Es wird auch überliefert, daß wenn der Gottesdiener sich im Gebet hinstellt, Allah, der Allmächtige und Erhabene, sagt: „Hebt den Vorhang auf!“ Wendet sich der Betende aber um, dann sagt Er: „Laßt den Vorhang herab!“ Das Umwenden wird mit dem Abwenden des Herzens von Allah, dem Allmächtigen und Erhabenen und dem Zuwenden zu etwas anderem erklärt. Wendet sich der Betende jemandem oder etwas anderem zu, wird der Vorhang zwischen ihm und Allah herabgelassen. Dann findet der Teufel Zugang zu ihm und breitet vor ihm die Dinge der diesseitigen Welt aus und zeigt sie ihm wie in einem Spiegel. Wendet sich der Betende mit seinem Herzen aber Allah zu, ohne sich abzuwenden, dann vermag der Teufel nicht, zwischen dieses Herz und Allah, den Erhabenen, zu treten. Der Teufel findet nur Zugang, wenn der Vorhang herabgelassen wird. Flieht der Betende zu Allah, dem Erhabenen, mit gegenwärtigem Herzen, dann flieht der Teufel. Wendet er sich aber ab, dann kommt der Teufel her. So verhält es sich mit dem Gottesdiener und seinem Feind während des Gebets.“

Aus dem oben Gesagten geht hervor, daß auch ungewollte gute Einfälle zumindest während des Gebets schlecht sind. Es gibt muslimische Gelehrte, die sich auf die Läuterung der Triebseele (tazkiya) spezialisiert haben und bestimmte Übungen kennen, durch die man dahin gelangen kann, seine Gedanken zu beherrschen und ungewollte gute oder schlechte Einfälle während des Gebets und auch außerhalb davon weitgehend zu verbannen.

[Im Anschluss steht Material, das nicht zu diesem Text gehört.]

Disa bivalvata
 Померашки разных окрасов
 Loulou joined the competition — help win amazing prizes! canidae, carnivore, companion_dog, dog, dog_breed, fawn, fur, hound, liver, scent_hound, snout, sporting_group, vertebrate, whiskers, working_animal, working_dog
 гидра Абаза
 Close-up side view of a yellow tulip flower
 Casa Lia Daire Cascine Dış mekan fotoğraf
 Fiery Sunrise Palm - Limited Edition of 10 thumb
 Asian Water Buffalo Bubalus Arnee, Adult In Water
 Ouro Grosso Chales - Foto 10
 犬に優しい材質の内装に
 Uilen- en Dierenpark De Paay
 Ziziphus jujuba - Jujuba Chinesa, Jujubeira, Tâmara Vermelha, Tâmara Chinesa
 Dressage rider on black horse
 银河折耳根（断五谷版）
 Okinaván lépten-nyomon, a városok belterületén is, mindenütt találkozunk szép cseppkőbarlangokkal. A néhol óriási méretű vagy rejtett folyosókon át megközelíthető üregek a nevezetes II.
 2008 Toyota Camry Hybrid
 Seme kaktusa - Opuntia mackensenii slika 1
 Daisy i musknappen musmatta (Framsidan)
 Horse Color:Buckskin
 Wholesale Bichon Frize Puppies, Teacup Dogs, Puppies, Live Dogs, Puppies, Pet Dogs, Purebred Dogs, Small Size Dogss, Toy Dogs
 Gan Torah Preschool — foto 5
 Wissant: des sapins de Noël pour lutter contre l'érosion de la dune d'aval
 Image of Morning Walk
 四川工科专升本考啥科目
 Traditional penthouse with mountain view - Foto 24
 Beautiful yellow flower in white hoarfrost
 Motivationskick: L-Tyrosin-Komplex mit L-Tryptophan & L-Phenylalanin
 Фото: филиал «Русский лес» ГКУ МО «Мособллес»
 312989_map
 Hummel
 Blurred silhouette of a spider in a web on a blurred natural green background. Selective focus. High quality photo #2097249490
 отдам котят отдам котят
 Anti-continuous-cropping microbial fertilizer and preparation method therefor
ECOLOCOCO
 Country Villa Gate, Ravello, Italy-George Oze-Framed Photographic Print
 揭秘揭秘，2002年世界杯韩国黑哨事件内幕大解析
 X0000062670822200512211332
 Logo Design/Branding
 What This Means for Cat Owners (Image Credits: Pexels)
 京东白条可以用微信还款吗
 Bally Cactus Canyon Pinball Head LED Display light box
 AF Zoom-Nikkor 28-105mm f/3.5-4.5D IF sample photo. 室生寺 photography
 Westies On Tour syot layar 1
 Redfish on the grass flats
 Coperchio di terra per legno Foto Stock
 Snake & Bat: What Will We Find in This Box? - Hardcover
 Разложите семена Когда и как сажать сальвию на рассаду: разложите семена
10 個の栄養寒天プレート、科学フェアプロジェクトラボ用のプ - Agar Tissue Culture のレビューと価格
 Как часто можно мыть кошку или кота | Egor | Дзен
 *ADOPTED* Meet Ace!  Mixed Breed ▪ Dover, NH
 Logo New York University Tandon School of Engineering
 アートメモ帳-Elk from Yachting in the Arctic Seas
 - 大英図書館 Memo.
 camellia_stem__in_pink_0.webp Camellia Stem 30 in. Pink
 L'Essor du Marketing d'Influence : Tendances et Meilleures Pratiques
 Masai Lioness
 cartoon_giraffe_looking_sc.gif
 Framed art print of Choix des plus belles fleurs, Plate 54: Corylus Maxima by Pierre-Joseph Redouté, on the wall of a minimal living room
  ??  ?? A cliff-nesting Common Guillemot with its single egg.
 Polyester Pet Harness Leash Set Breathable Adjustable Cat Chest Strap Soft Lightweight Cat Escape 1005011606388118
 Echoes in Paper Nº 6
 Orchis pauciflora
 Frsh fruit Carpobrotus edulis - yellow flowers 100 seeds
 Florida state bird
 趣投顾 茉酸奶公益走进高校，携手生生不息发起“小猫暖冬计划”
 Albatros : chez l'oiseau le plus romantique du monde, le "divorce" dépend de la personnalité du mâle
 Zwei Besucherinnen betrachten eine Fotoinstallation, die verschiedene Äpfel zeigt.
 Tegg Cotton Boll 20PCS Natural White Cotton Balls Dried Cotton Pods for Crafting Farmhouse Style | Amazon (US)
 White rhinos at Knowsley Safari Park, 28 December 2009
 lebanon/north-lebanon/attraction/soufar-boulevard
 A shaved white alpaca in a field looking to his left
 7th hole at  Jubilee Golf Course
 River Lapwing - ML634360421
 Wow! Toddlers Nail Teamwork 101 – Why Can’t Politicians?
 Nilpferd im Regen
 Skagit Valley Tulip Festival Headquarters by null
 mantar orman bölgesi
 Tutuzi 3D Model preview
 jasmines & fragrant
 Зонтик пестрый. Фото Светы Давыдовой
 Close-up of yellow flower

Der bekannte Gelehrte Ibn Qayyim al-Dschauziyya (691-751 d.H. = 1292-1350 n.Chr.) hat sich eingehend mit diesen Dingen beschäftigt und Ratschläge dazu erteilt. Die obigen Zitate stammen aus seinem Werk „Ighathat al-Lahfan“. Was er u.a. zu den ungewollten, plötzlichen Einfällen während des Gebets schreibt, kann ich aus eigener Erfahrung bestätigen. Aber selbst „gute“ Einfälle haben während des Gebets dort nichts zu suchen, und man muß jedesmal sehr aufpassen, daß das Gebet nicht zur Routine wird.